These attributes can for example be used to make elements look a certain way (according to some style defined somewhere else in a CSS stylesheet, but looks are not of interest to us right now).

### Data from HTML-tables

Say we are interested in retrieving the [final results of the ESC](https://en.wikipedia.org/wiki/Eurovision_Song_Contest_2024#Final), there is a table in the wikipedia-article:

![](assets/table.png)

The easiest way to find something of interest in the page source code is via selector. Most browsers come with a right click option like "Inspect" or "Inspect element", which has some form of selector feature:

![](assets/selector_menu.png)

Hovering over or clicking on elements of the page will now show where they are in the source code:

![](assets/selector_hover.png)

We now know we are looking for a `<table>` of a certain class & with a certain caption as its next "child" element. But how to actually get & parse the source code? To retrieve the page source of a website, use [requests](https://requests.readthedocs.io/en/latest/):

In [31]:
esc = requests.get("https://en.wikipedia.org/wiki/Eurovision_Song_Contest_2024")

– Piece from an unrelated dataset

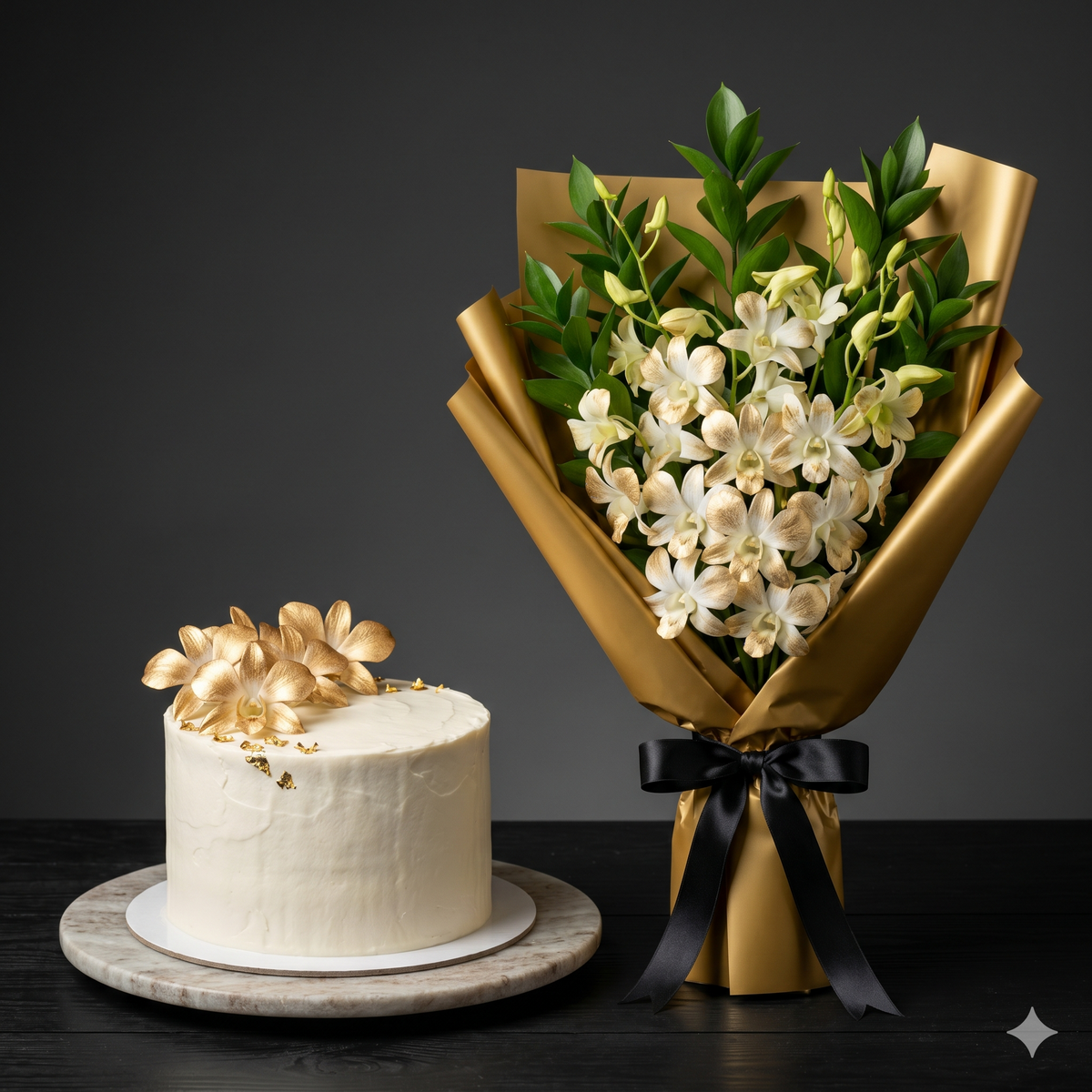 Gold Orchid Bouquet and White Celebration Cake Set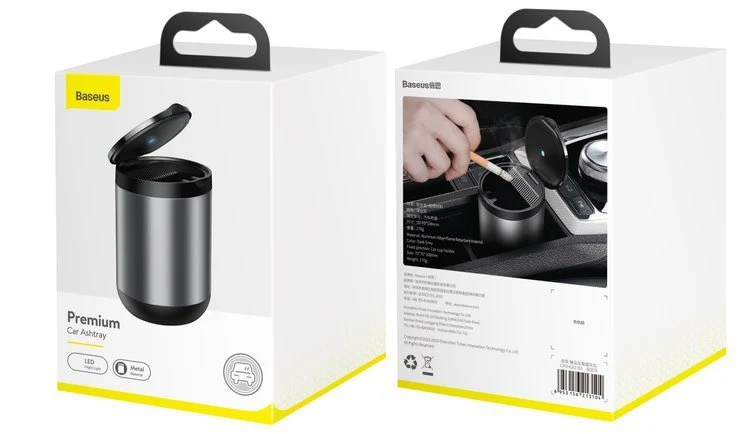 Baseus Premium Car Ashtray | LED-belyst bilaskebeger for kontoret – bilde 10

Responses to a GET-request contain a status code that can tell you something about whether your request succeeded, and if it failed it might tell you why:

In [32]:
esc.status_code

200

Brief guide:

* `1XX`: Wait
* `2XX`: Successful (maybe with caveats)
* `3XX`: "Go away!"
* `4XX`: You f\*cked up
* `5XX`: The site f\*cked up

A response code of `200` means everything went fine. The actual page source is stored in the content of the response (looking at the first 100 characters):

In [33]:
esc.content[:100]

b'<!DOCTYPE html>\n<html class="client-nojs vector-feature-language-in-header-enabled vector-feature-la'

Instead of working with this as a string, we can parse it into a format that is easier to navigate and query using [BeautifulSoup](https://www.crummy.com/software/BeautifulSoup/):

In [34]:
soup = BeautifulSoup(esc.content, "html.parser")

Let's look for our table. We can find the caption first:

In [69]:
soup.find(lambda tag: tag.name == "caption" and "Final of the Eurovision Song Contest 2024" in tag.get_text())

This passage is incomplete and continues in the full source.